_TRY IT_. Look through the material below and report every line that includes "nporeiveg".
====== DATA EXCERPTS ======
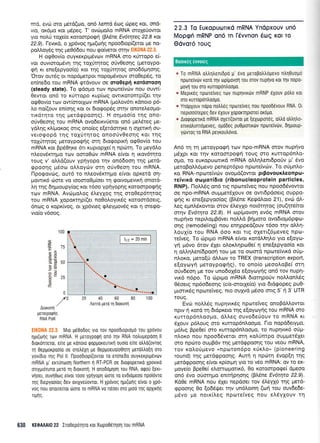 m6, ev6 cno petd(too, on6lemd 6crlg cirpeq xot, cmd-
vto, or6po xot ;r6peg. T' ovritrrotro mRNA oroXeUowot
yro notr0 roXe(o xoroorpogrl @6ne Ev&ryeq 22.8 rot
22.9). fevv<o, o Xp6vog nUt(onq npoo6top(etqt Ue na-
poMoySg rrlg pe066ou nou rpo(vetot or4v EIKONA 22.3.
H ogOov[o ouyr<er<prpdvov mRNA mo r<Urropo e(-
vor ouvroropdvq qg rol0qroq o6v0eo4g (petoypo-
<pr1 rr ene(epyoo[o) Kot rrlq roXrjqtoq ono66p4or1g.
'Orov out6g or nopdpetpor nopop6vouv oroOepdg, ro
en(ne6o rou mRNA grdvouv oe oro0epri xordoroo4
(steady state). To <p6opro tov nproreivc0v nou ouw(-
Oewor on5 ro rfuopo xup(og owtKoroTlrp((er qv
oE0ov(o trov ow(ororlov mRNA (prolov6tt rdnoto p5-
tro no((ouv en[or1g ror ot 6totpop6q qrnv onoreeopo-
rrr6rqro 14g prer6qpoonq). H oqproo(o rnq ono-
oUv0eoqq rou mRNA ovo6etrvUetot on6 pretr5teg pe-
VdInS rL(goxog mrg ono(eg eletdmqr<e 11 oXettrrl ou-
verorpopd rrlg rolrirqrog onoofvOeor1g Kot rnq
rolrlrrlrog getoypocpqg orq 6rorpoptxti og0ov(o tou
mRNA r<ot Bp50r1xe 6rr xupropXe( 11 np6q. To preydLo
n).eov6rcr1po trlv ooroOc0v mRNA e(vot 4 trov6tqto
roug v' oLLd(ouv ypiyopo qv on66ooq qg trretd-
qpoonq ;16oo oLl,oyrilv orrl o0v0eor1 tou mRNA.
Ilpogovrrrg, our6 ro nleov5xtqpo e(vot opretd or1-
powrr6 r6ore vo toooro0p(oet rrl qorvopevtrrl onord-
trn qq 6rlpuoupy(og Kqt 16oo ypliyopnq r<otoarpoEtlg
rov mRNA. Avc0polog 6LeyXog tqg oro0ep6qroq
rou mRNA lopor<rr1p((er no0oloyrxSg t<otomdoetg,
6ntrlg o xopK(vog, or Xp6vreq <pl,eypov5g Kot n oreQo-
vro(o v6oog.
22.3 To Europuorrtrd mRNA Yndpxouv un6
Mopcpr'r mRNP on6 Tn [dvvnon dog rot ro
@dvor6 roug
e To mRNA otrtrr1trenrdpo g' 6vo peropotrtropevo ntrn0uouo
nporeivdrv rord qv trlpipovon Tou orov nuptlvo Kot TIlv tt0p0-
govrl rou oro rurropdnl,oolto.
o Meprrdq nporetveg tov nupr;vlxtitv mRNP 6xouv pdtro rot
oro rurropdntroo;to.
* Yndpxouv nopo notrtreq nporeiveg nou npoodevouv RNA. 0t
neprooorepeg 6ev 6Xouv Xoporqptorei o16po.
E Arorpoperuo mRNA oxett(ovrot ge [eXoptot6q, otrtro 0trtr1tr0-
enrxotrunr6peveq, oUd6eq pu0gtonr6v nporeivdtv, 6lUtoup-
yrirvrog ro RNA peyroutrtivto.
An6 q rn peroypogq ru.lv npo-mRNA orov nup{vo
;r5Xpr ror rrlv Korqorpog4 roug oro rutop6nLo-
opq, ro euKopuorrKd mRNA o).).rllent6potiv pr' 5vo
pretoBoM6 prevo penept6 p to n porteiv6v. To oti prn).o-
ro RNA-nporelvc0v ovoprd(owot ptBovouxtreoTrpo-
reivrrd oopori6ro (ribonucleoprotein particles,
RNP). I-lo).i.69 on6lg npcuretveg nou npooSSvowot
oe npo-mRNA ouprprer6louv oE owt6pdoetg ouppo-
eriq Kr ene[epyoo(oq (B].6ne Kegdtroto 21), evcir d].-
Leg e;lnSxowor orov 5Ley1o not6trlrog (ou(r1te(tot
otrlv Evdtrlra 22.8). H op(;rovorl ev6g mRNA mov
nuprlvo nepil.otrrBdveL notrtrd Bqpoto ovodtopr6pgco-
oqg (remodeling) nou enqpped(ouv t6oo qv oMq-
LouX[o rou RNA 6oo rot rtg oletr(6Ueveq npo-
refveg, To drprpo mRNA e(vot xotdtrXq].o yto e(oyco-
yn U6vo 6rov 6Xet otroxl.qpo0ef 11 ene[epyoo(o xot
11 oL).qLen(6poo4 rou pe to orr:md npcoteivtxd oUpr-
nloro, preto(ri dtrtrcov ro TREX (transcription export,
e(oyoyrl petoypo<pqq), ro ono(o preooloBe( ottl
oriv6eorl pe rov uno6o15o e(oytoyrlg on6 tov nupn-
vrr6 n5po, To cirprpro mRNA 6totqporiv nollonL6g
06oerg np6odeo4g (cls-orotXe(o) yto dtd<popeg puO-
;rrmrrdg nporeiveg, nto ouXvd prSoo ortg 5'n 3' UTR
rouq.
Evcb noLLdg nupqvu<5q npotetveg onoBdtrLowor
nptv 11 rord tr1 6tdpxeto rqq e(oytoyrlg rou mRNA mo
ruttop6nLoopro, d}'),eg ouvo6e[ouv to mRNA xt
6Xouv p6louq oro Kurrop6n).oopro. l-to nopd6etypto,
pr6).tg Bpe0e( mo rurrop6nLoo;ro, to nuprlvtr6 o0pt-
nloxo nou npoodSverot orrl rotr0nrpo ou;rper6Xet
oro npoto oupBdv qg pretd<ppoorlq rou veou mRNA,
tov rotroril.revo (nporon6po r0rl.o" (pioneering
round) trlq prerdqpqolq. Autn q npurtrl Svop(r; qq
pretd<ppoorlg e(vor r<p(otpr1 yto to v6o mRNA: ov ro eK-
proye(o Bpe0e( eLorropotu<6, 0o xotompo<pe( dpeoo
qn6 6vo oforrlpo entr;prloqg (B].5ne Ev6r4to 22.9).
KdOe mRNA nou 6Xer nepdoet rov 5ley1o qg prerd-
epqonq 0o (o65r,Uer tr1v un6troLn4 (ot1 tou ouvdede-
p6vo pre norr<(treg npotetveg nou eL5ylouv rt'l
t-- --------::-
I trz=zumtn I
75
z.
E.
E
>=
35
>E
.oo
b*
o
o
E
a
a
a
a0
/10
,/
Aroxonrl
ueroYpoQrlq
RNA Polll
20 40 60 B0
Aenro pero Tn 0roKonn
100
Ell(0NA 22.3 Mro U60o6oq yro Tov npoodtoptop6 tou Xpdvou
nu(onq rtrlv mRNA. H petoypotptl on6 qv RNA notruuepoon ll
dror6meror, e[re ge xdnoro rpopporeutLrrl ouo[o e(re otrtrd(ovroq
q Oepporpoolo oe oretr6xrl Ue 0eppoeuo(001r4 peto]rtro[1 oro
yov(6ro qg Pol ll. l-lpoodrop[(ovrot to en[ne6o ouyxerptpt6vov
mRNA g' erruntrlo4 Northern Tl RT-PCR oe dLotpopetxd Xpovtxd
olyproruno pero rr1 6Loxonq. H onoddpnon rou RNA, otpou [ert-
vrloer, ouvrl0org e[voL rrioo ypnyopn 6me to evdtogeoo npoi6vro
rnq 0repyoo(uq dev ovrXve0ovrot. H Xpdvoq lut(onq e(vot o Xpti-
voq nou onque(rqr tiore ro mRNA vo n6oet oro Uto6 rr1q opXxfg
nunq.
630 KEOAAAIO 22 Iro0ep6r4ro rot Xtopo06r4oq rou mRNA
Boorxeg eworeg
======
====== DATA EXCERPTS ======
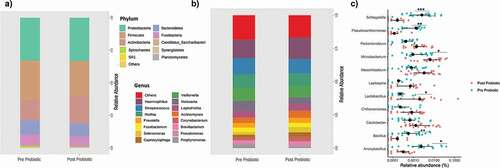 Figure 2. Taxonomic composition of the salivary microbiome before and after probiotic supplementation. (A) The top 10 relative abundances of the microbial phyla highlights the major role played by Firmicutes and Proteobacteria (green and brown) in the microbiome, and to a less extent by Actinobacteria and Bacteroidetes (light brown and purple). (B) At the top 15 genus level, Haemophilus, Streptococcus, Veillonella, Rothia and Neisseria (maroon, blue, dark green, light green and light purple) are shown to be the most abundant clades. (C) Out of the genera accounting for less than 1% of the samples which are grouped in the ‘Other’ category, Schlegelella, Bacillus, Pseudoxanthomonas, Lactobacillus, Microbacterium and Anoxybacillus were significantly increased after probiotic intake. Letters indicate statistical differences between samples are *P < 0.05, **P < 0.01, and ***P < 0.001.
======
_EXERCISE SOLUTION_.
* Yndpxouv nopo notrtreq nporeiveg nou npoodevouv RNA. 0t
;rrmrrdg nporeiveg, nto ouXvd prSoo ortg 5'n 3' UTR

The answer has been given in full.